PROBLEM REQUIREMENTS – Any pictures in the records below must be left out when you repeat the lines from the line containing "That's how you create" through the line containing "The last one" exactly.

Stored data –
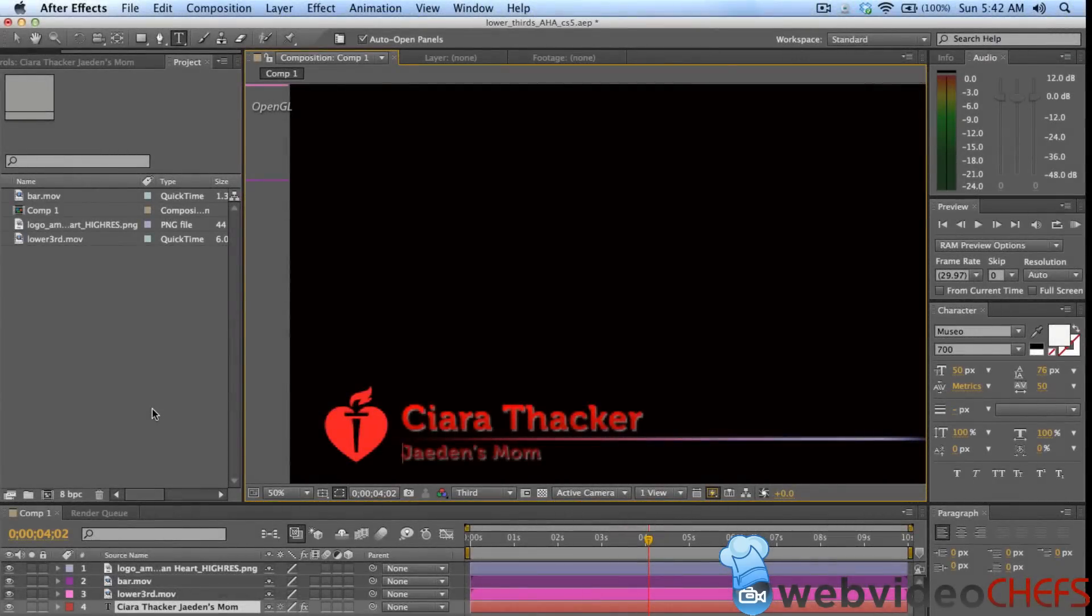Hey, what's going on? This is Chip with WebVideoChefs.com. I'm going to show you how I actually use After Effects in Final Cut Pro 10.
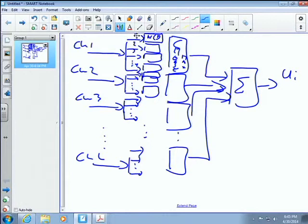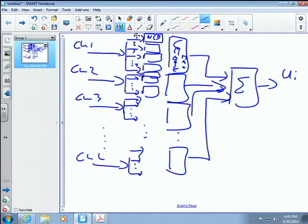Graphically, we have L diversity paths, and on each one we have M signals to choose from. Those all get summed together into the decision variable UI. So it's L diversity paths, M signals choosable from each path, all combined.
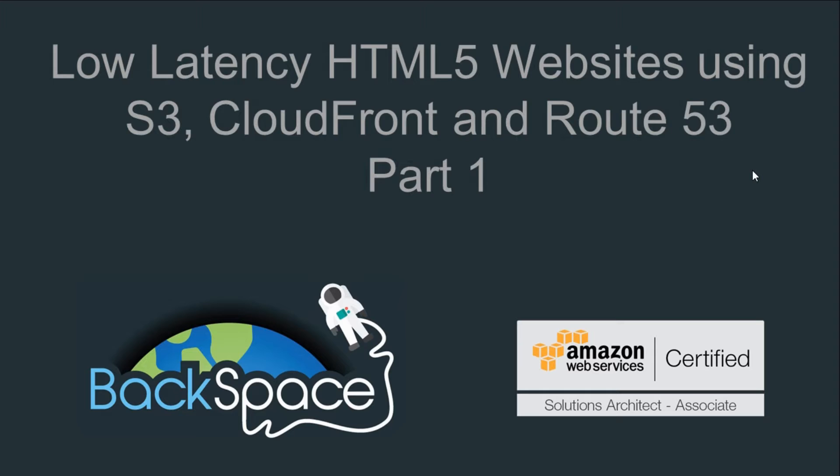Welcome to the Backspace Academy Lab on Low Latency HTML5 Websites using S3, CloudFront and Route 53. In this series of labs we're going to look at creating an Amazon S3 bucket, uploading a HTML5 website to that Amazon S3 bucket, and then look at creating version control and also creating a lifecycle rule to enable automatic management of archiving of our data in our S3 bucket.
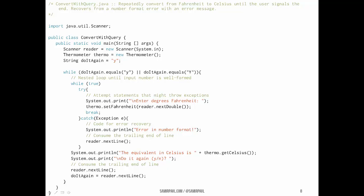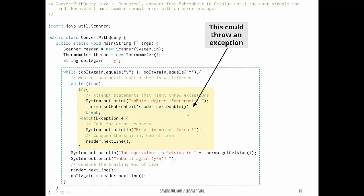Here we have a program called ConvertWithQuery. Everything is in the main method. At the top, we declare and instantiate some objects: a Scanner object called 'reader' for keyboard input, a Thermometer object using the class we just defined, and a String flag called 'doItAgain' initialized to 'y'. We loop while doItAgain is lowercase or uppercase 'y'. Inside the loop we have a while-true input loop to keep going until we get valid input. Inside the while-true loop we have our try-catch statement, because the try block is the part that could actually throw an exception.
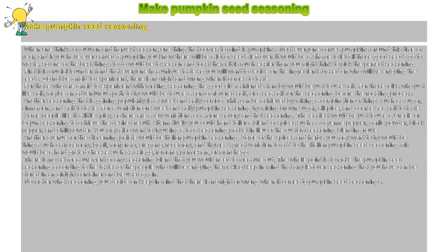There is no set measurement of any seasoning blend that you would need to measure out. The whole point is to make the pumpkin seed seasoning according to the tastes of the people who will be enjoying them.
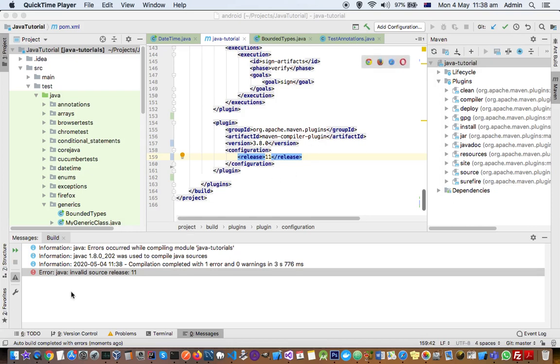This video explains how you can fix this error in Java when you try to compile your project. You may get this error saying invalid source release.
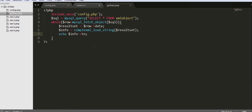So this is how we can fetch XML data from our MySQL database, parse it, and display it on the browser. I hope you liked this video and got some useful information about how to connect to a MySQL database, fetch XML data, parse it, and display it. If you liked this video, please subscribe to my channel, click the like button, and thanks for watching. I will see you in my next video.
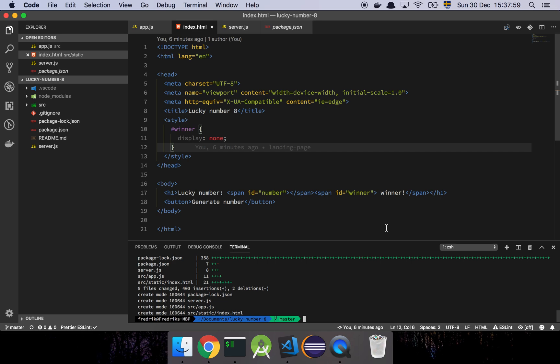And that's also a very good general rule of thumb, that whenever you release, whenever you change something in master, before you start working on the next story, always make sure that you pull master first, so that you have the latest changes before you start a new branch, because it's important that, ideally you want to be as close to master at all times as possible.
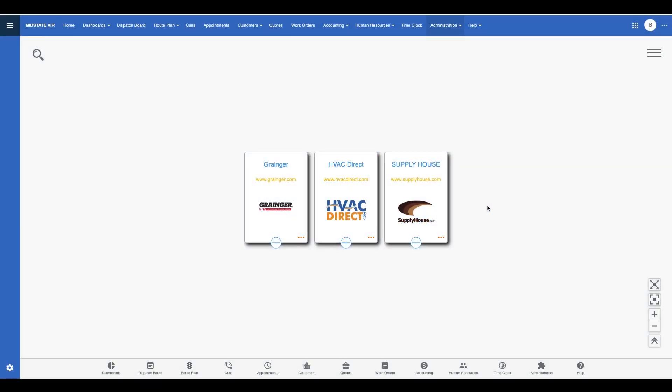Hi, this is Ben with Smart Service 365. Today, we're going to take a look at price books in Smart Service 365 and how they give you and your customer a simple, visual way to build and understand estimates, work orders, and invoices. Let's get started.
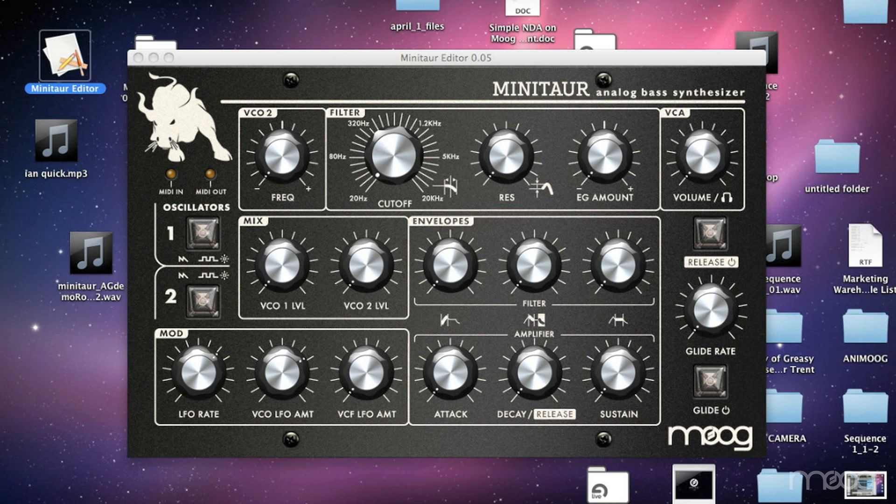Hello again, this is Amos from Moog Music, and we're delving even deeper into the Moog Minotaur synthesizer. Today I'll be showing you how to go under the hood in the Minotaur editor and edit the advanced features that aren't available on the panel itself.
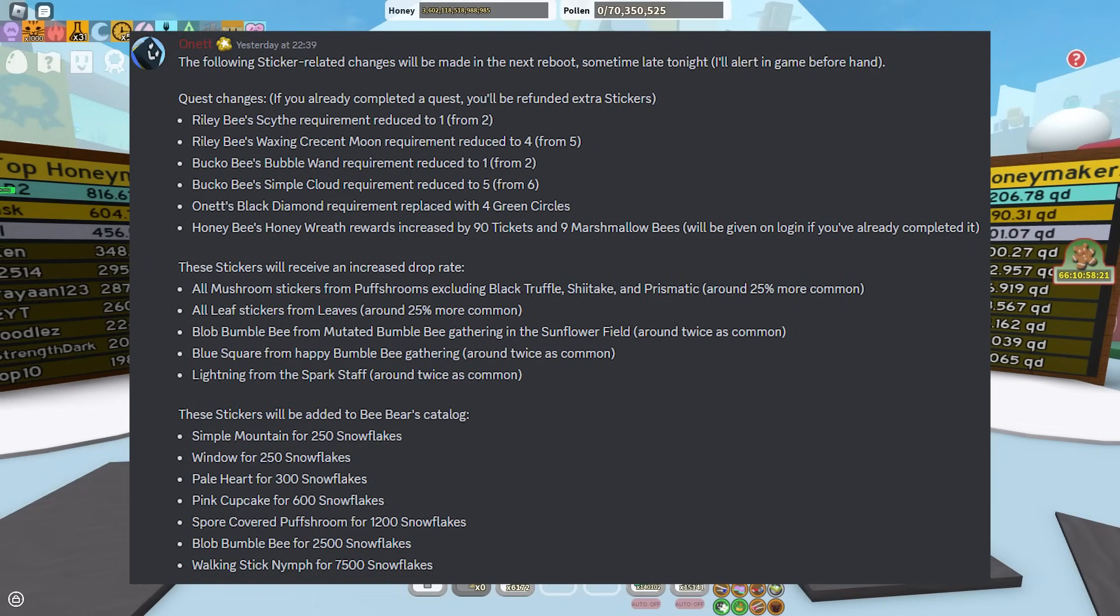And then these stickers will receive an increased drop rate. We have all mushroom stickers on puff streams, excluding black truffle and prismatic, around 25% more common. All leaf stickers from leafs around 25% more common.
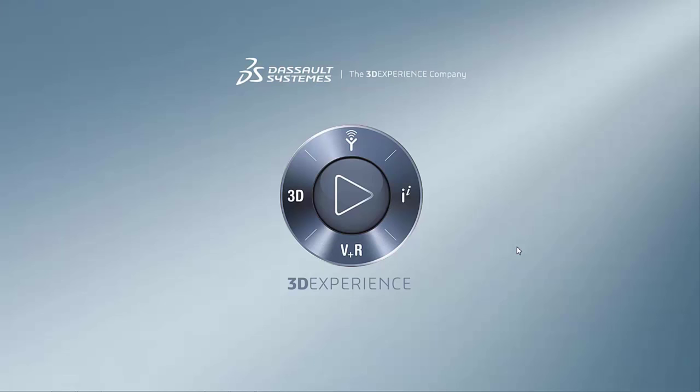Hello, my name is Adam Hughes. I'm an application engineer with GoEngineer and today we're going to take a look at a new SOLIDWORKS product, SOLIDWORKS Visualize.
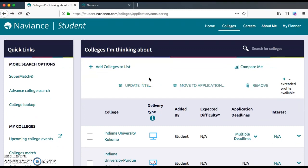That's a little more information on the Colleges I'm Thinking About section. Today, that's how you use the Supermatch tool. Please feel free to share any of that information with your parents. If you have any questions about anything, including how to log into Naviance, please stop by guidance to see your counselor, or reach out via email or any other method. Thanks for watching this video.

* * *

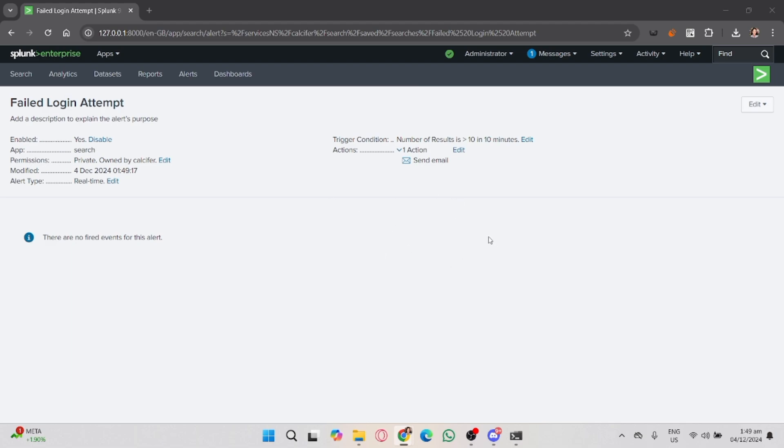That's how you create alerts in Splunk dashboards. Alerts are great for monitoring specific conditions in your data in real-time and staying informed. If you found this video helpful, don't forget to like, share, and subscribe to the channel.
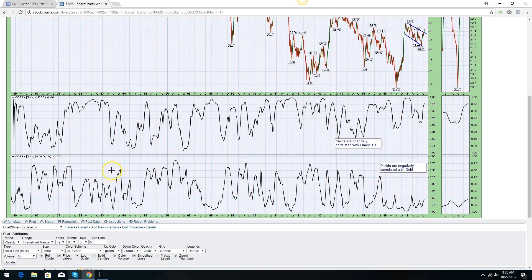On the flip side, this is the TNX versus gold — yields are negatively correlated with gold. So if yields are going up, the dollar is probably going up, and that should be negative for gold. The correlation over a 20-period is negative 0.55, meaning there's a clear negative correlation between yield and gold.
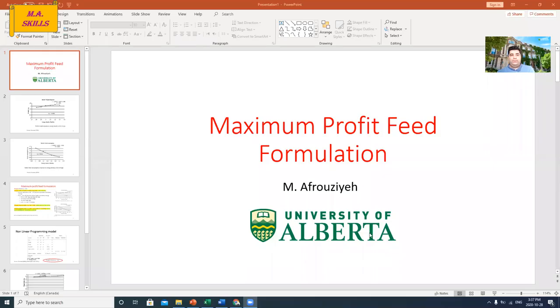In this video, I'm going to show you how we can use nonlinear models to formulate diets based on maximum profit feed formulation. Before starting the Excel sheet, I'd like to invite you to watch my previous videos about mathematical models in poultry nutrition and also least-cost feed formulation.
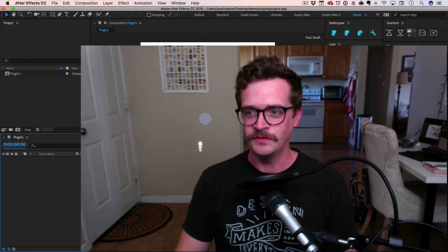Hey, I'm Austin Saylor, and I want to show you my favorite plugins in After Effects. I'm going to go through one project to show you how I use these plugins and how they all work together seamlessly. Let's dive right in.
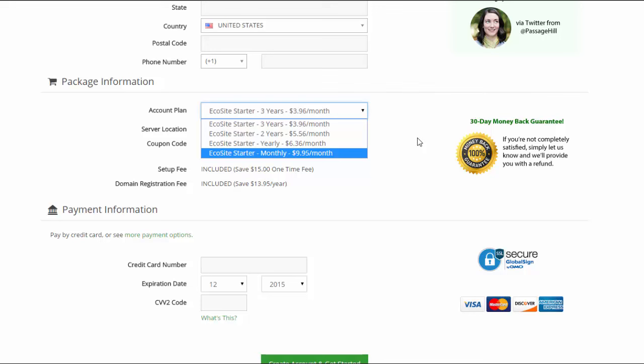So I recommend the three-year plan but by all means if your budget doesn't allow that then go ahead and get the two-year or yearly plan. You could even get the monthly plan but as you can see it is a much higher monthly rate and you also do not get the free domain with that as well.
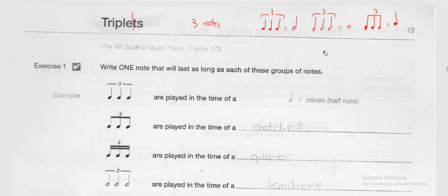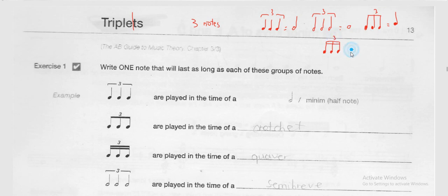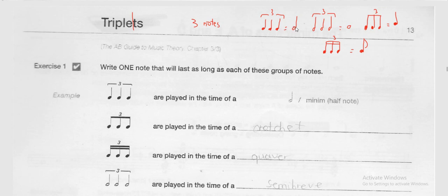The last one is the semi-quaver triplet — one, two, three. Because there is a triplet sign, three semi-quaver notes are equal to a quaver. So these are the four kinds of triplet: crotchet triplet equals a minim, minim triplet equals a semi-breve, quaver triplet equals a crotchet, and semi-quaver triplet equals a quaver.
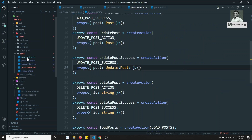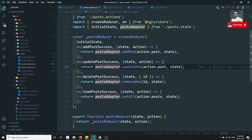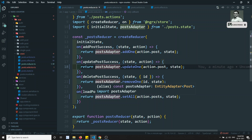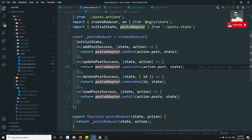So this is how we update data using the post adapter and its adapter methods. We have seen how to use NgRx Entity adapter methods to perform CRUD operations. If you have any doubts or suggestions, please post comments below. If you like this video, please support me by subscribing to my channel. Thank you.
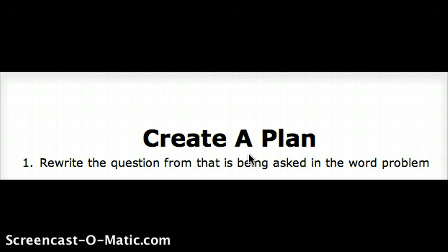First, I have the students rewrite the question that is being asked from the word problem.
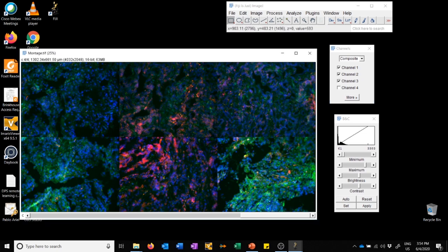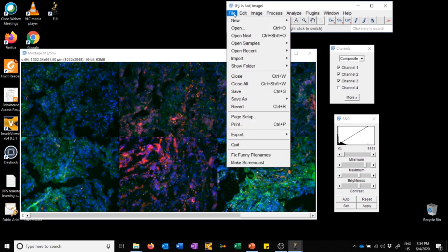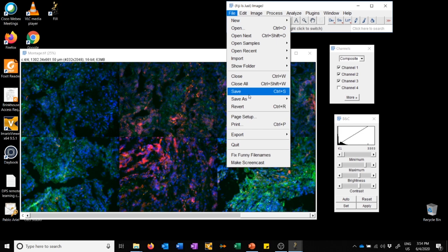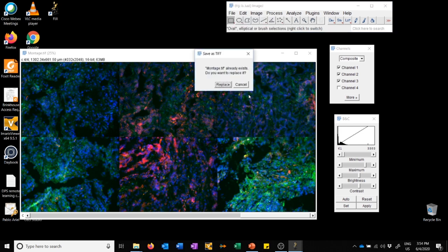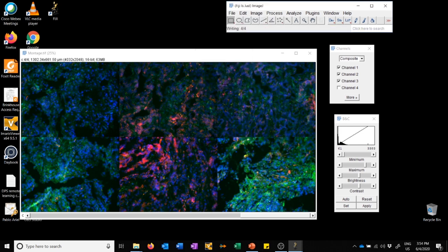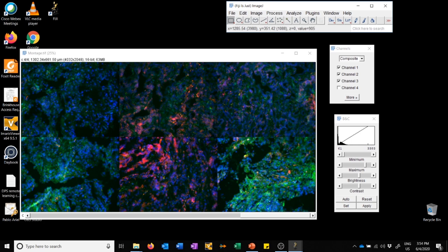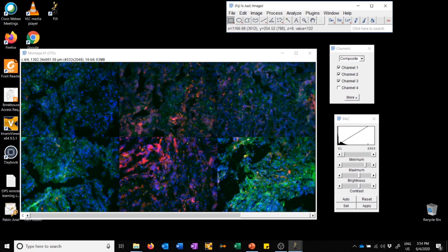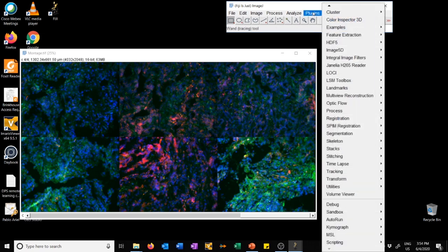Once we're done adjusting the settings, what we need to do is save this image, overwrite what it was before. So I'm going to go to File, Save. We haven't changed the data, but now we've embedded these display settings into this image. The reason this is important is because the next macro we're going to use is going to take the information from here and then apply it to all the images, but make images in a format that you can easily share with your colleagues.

FINISHED TASK –
That's how you create alerts in Splunk dashboards. Alerts are great for monitoring specific conditions in your data in real-time and staying informed. If you found this video helpful, don't forget to like, share, and subscribe to the channel.
On the flip side, this is the TNX versus gold — yields are negatively correlated with gold. So if yields are going up, the dollar is probably going up, and that should be negative for gold. The correlation over a 20-period is negative 0.55, meaning there's a clear negative correlation between yield and gold.
In this video, I'm going to show you how we can use nonlinear models to formulate diets based on maximum profit feed formulation. Before starting the Excel sheet, I'd like to invite you to watch my previous videos about mathematical models in poultry nutrition and also least-cost feed formulation.
Hey, I'm Austin Saylor, and I want to show you my favorite plugins in After Effects. I'm going to go through one project to show you how I use these plugins and how they all work together seamlessly. Let's dive right in.
So I recommend the three-year plan but by all means if your budget doesn't allow that then go ahead and get the two-year or yearly plan. You could even get the monthly plan but as you can see it is a much higher monthly rate and you also do not get the free domain with that as well.
The last one is the semi-quaver triplet — one, two, three. Because there is a triplet sign, three semi-quaver notes are equal to a quaver. So these are the four kinds of triplet: crotchet triplet equals a minim, minim triplet equals a semi-breve, quaver triplet equals a crotchet, and semi-quaver triplet equals a quaver.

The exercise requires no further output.